**The task:**
With the images removed, return every line below exactly as it reads.

**Raw data:**
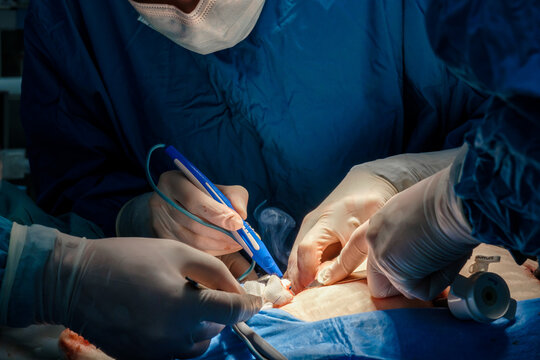 The surgeon holds the electrical coagulator during the operation. Close-up of hands in sterile gloves stained with blood. Blue uniform and medical masks. Smoke from burnt flesh.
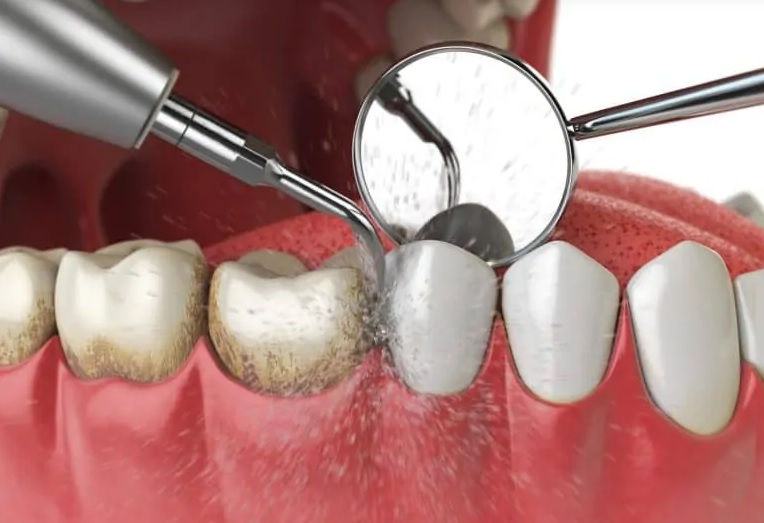 Teeth-Cleaning-Dubai
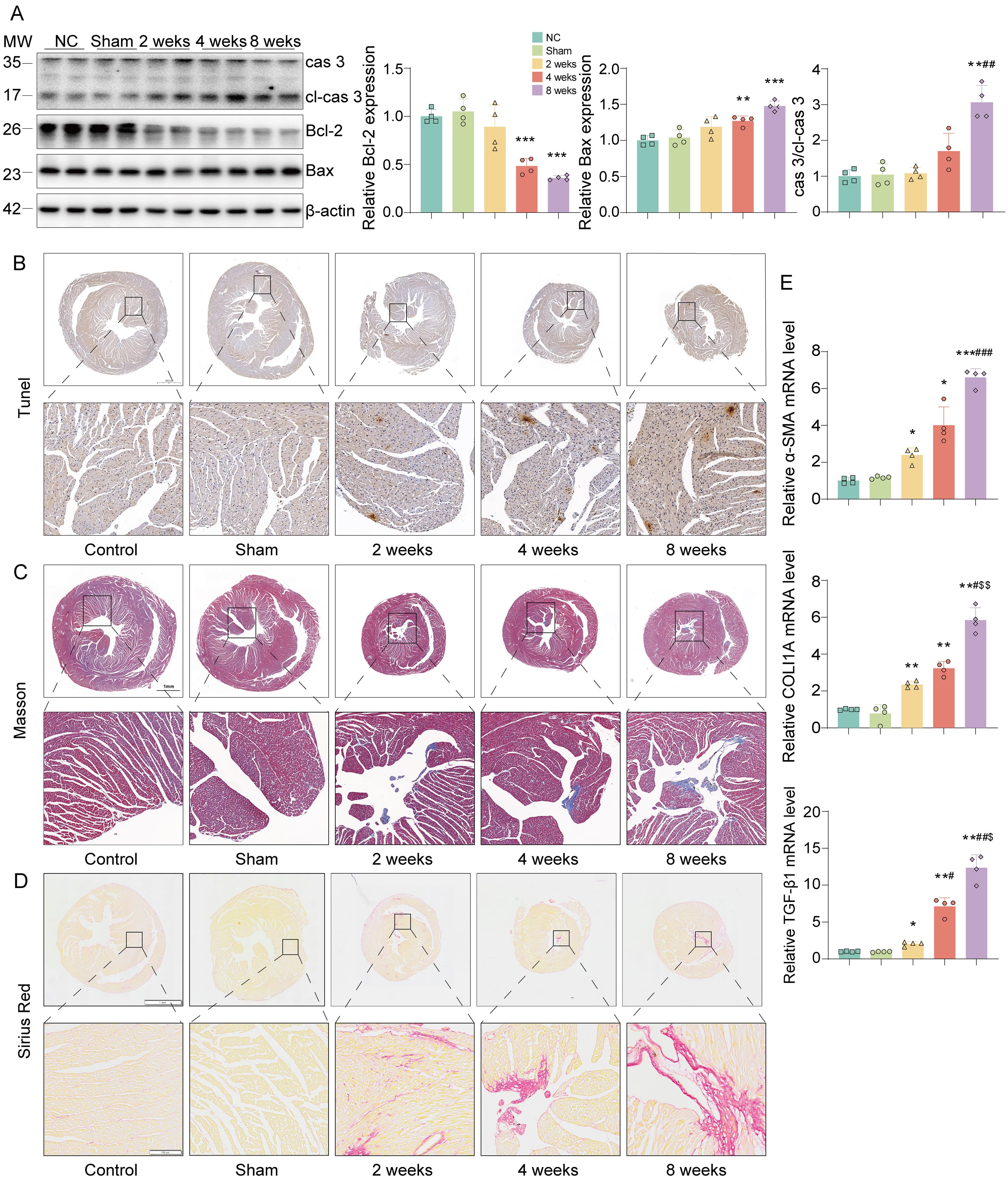 Dynamic effects of bile duct ligation on myocardial injury, apoptosis, and fibrosis in mice.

**Answer box:**
 The surgeon holds the electrical coagulator during the operation. Close-up of hands in sterile gloves stained with blood. Blue uniform and medical masks. Smoke from burnt flesh.
 Teeth-Cleaning-Dubai
 Dynamic effects of bile duct ligation on myocardial injury, apoptosis, and fibrosis in mice.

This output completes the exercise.